Boyfriend Demands Debt Payoff Before Marriage, Dave Ramsey Says ‘Dump Him’

A 26-Year-Old Nurse Faces a Tough Decision

A 26-year-old nurse believed she was on the right track. She graduated in 2023 with approximately $160,000 in student loan debt and has already managed to reduce it to about $90,000. Despite this progress, her relationship with her boyfriend has hit a significant roadblock.

Her partner, who earns $250,000 annually, has made it clear that he will not propose until she is completely debt-free. This condition has raised concerns and sparked a heated discussion on “The Ramsey Show,” where personal finance expert Dave Ramsey gave his unfiltered opinion.

A Condition That Raises Red Flags

When Hayley brought up the situation, Ramsey didn’t hold back. “You’re not going to like me,” he said. “If you were my daughter, you want to know what I would tell you? Dump him.”

Co-host Jade Warshaw pushed back against the idea that marriage should be conditional on eliminating debt first. “He’s making you prove your worth based on money,” she said. “You’re having to buy your way into this relationship,” Ramsey added.

Hayley explained that the dynamic is complicated. The couple lives together, and her boyfriend covers the rent. This arrangement has allowed her to focus most of her income on paying off her student loans, leading to substantial progress.

However, Ramsey argued that this setup is part of the problem. “Oh, so you’re already married, but you just didn’t admit it,” he said, pointing to the shared finances and living situation. He added that living together can make it harder to walk away when something isn’t right. “You move forward in a toxic, unhealthy relationship because you chose to share an address,” he said.

Debt Isn’t The Real Issue

Ramsey emphasized that debt itself isn’t a dealbreaker in marriage. What matters more is whether both people are aligned on how to handle money. “People have asked me… should I marry someone with debt? And the answer is always yes,” Ramsey said. “As long as you love them and you’re aligned that we’re getting rid of the debt.”

In this case, he added, both partners already seem to agree that debt is something to eliminate. The caller has been actively paying it down, and her boyfriend clearly doesn’t like debt either. That’s why Ramsey called the boyfriend’s condition a “false premise.” Instead of focusing on shared goals, he’s putting up a barrier that ties commitment to a financial milestone.

Ramsey also pointed out that money issues are one of the biggest sources of conflict in relationships. “The No. 1 cause of divorce in North America today is money fights and money problems,” he said. “And guess what this is? This is a money fight.”

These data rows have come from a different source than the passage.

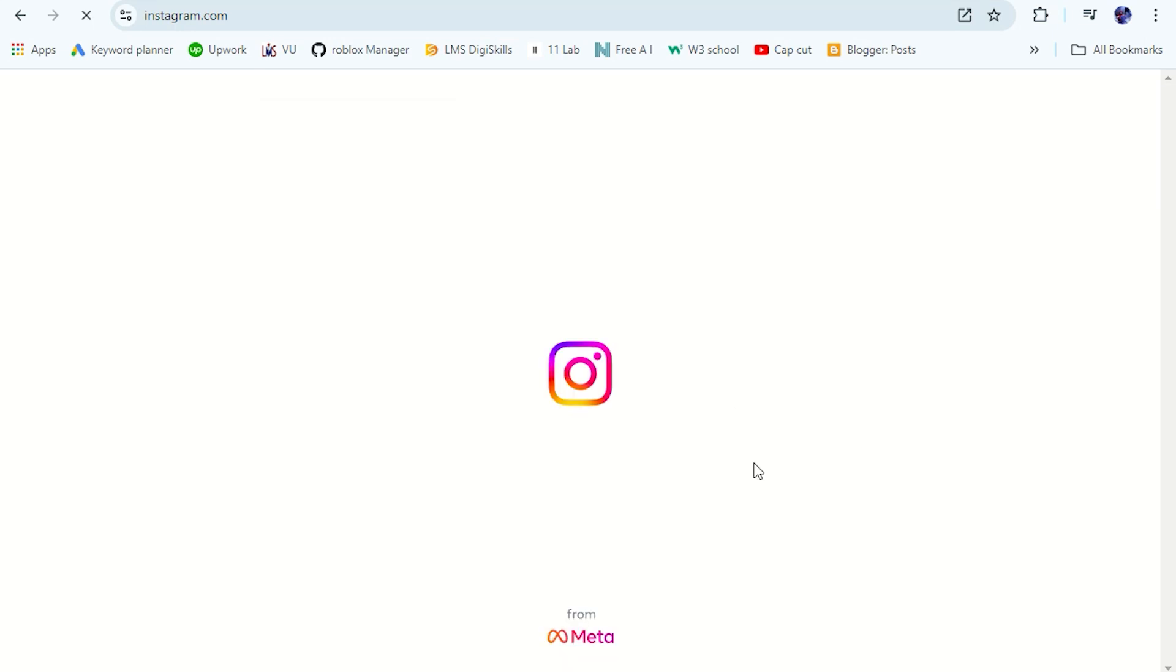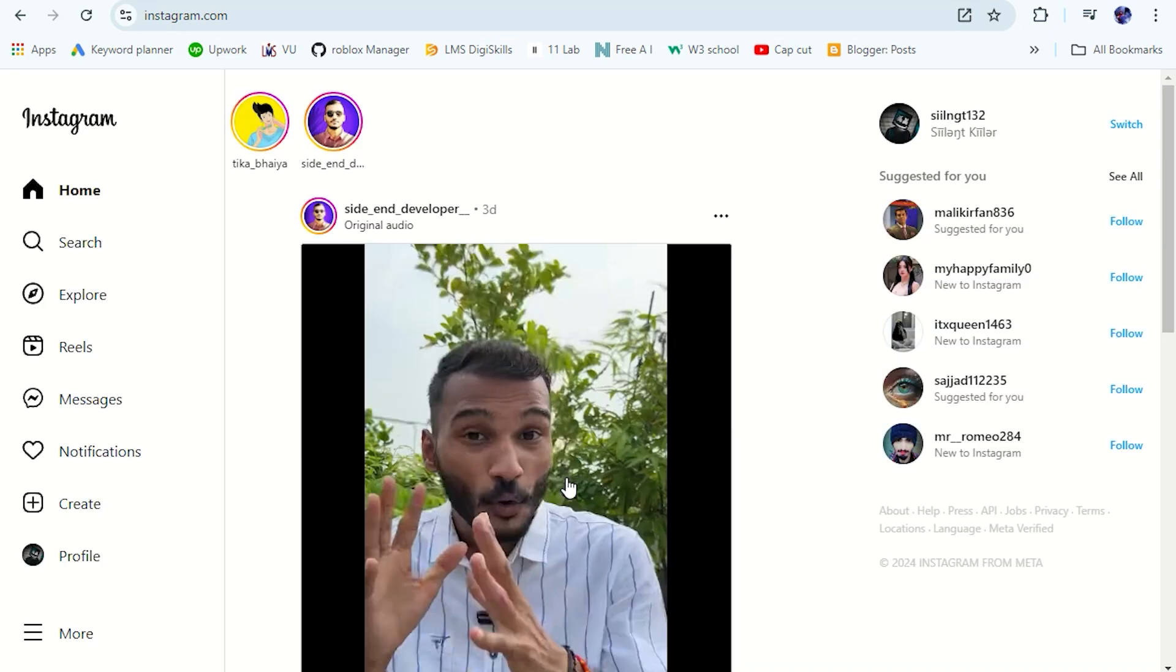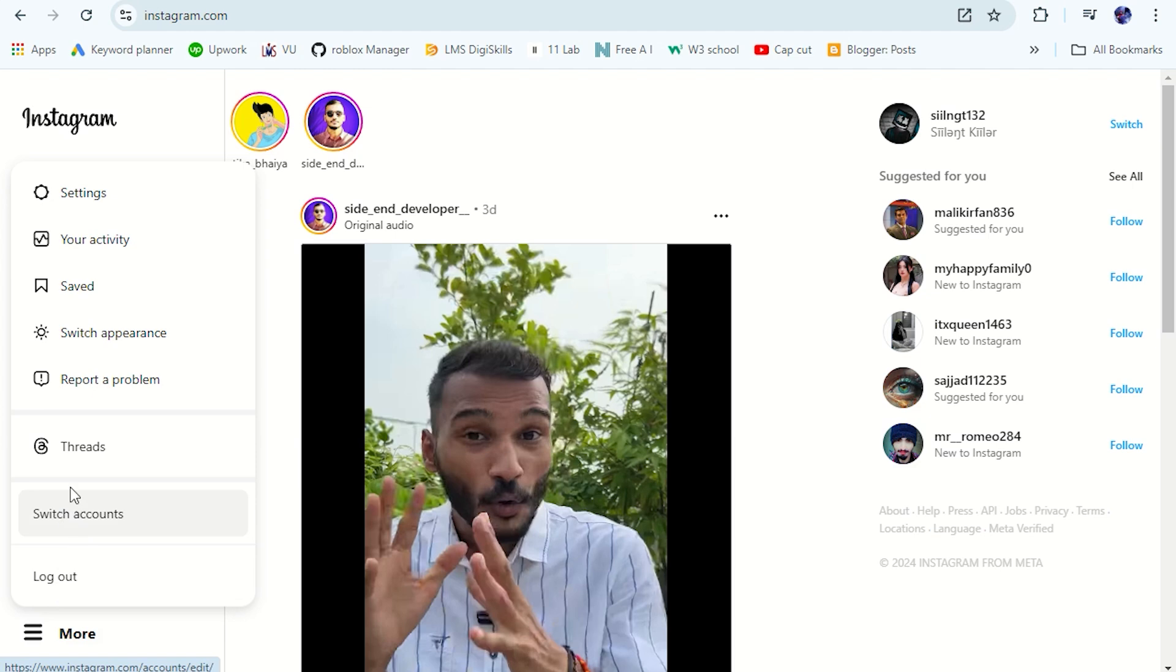First of all, log into your Instagram account. Once you logged in, then on the left bottom, click on these three lines. And then click on Settings here.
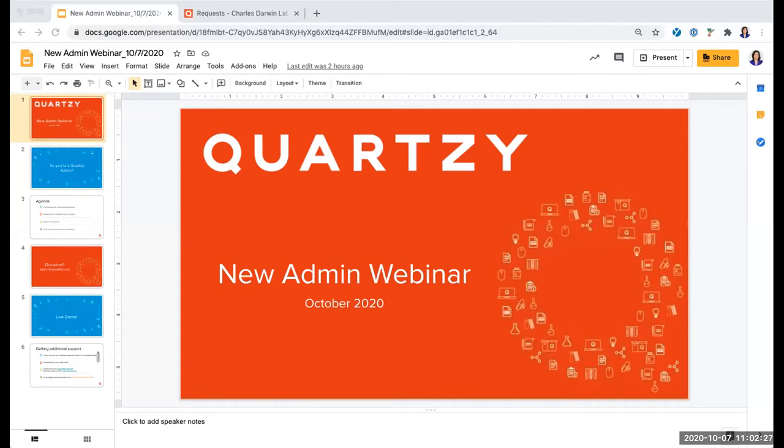Thank you so much everybody for joining. As Jeff said, my name is Monica, and I am the head of customer support here at Quartsy.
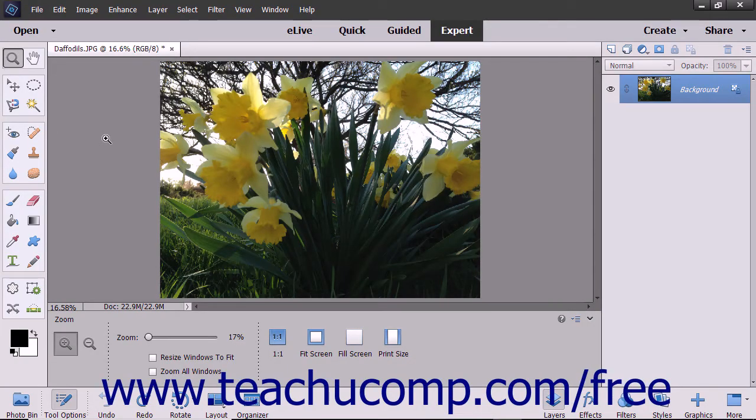You can use the Rotate command to rotate and flip the image in the canvas. You can rotate or flip the entire image or just the currently selected layer.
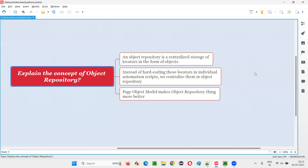Hello all, welcome to this session. In this session, I am going to answer one of the Selenium interview questions. That is: explain the concept of object repository.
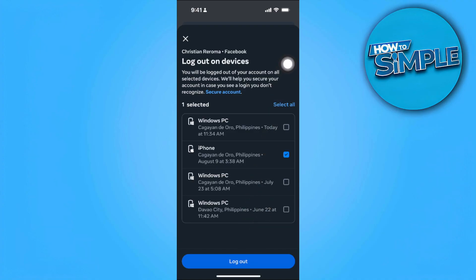Select the old device and simply tap 'Log out.' Or if you want, select all and log out from all of those devices. That's it! If you find this video helpful, please hit like and subscribe. Thanks.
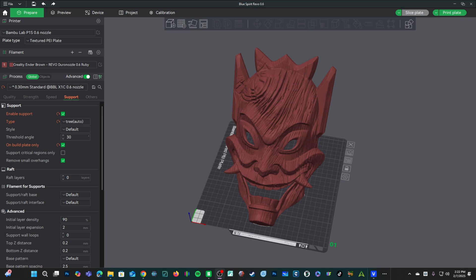Hey there my 3D printer peeps. Let's compare a full-sized adult Blue Spirit mask printed on a standard 0.4 nozzle with a 0.2 layer height with the same mask printed in a high flow E3D Revo nozzle on the BQ Panda Revo with my custom 0.6 profile and a 0.3 layer height.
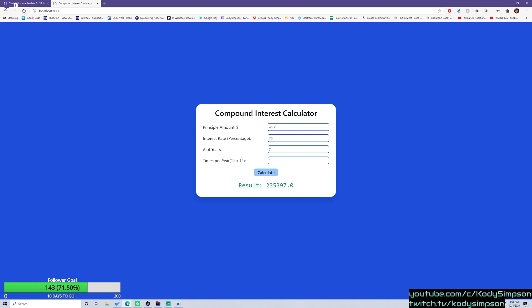So if we pull out a calculator real quick, that's correct. So that's the exact amount. This is just the compound interest formula. You may have used this in school if you've done calculus or anything like that. Or not calculus, algebra.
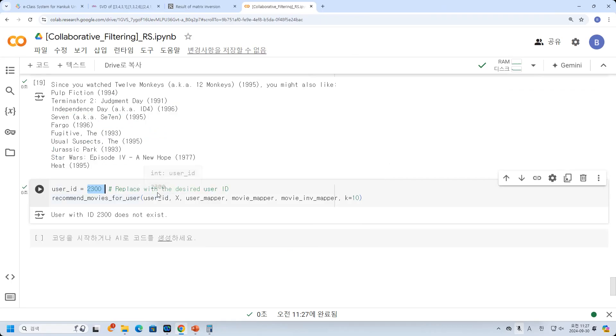So that's the content about collaborative filtering, and you already know about this.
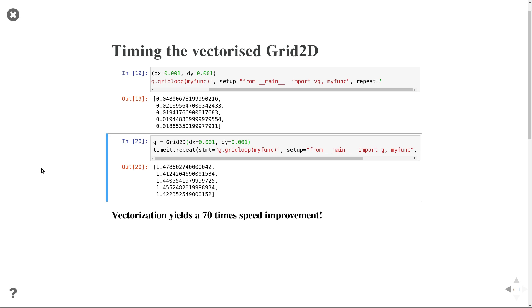That was it for profiling. Are there any questions? Then let's start again at quarter past.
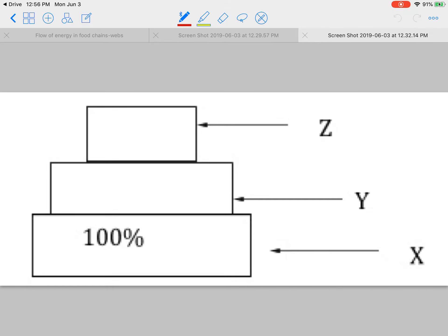One of your questions says, in the diagram, if trophic level A has 100% energy, how much of that energy will be available at Z? So, if you remember, 10% energy is passed on to each trophic level.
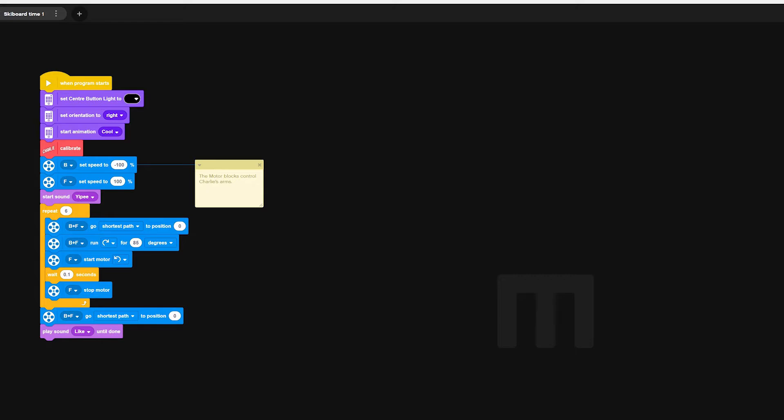The code starts with a few decorative choices. We set the light, the orientation and the animation for the smart brick. We then choose a red calibration brick for Charlie.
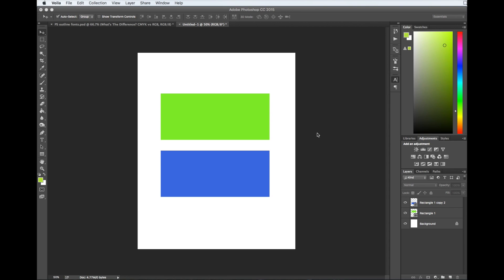Hey guys, Denise here with Print Aura. Today I'm going to be showing you the difference between an RGB color profile and a CMYK color profile. This is important because sometimes people will save their images as an RGB color profile, but we print out most of our images in the CMYK color profile. So it's really important to make sure that your documents are set to the right color profile before you turn them in.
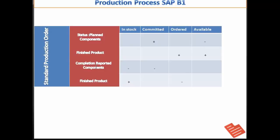When the production order is completed and you report the completion, the components are reduced from the stock whereas you receive the finished product in the stock.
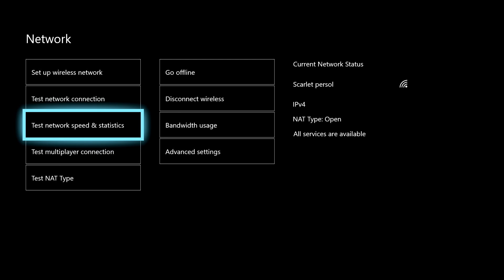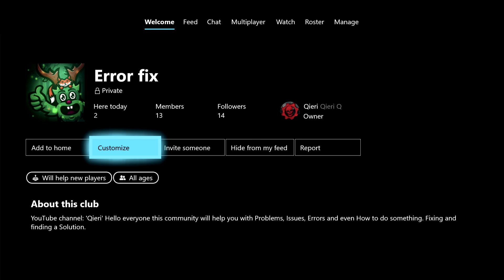If you want the fastest possible internet connection, you need to use a LAN cable. The reason is that it's directly connected to your router — it's an internet cable you plug into your router and your Xbox One. I suggest using it because it's always about four times better than wireless. You can also join the error fix community if you have any questions. Thanks for watching — please like, subscribe, and comment down below. Goodbye!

Is There Any Room For Fixing It?

Warshaw offered a slightly softer take, suggesting the boyfriend might be misguided instead of intentionally controlling. He is contributing financially by paying the rent, which could indicate he’s trying to help, even if his approach is flawed. She suggested the couple consider premarital counseling to get on the same page.

Still, both hosts agreed that if the boyfriend refuses to budge, the message is evident. “See you later, alligator,” Ramsey said. “I mean, I’ll be done with this. I’m just not doing this.”

Key Takeaways from the Discussion

  • Debt Should Not Be a Barrier to Marriage: While debt can be a concern, it shouldn’t dictate the terms of a relationship. Alignment on financial goals is more important.
  • Communication is Crucial: Open and honest communication about financial expectations and goals can prevent many conflicts.
  • Relationships Require Mutual Respect: A healthy relationship should be built on respect, not financial conditions or pressure.
  • Seek Professional Help: If there are persistent issues, couples therapy or financial counseling can provide valuable guidance.

Final Thoughts

This situation highlights the complexities of modern relationships, especially when financial pressures are involved. It’s essential for individuals to evaluate their priorities and ensure that their relationships are based on mutual respect and shared values rather than financial milestones. As Ramsey emphasized, true commitment should not be contingent on being debt-free, but on the willingness to work together towards a common future.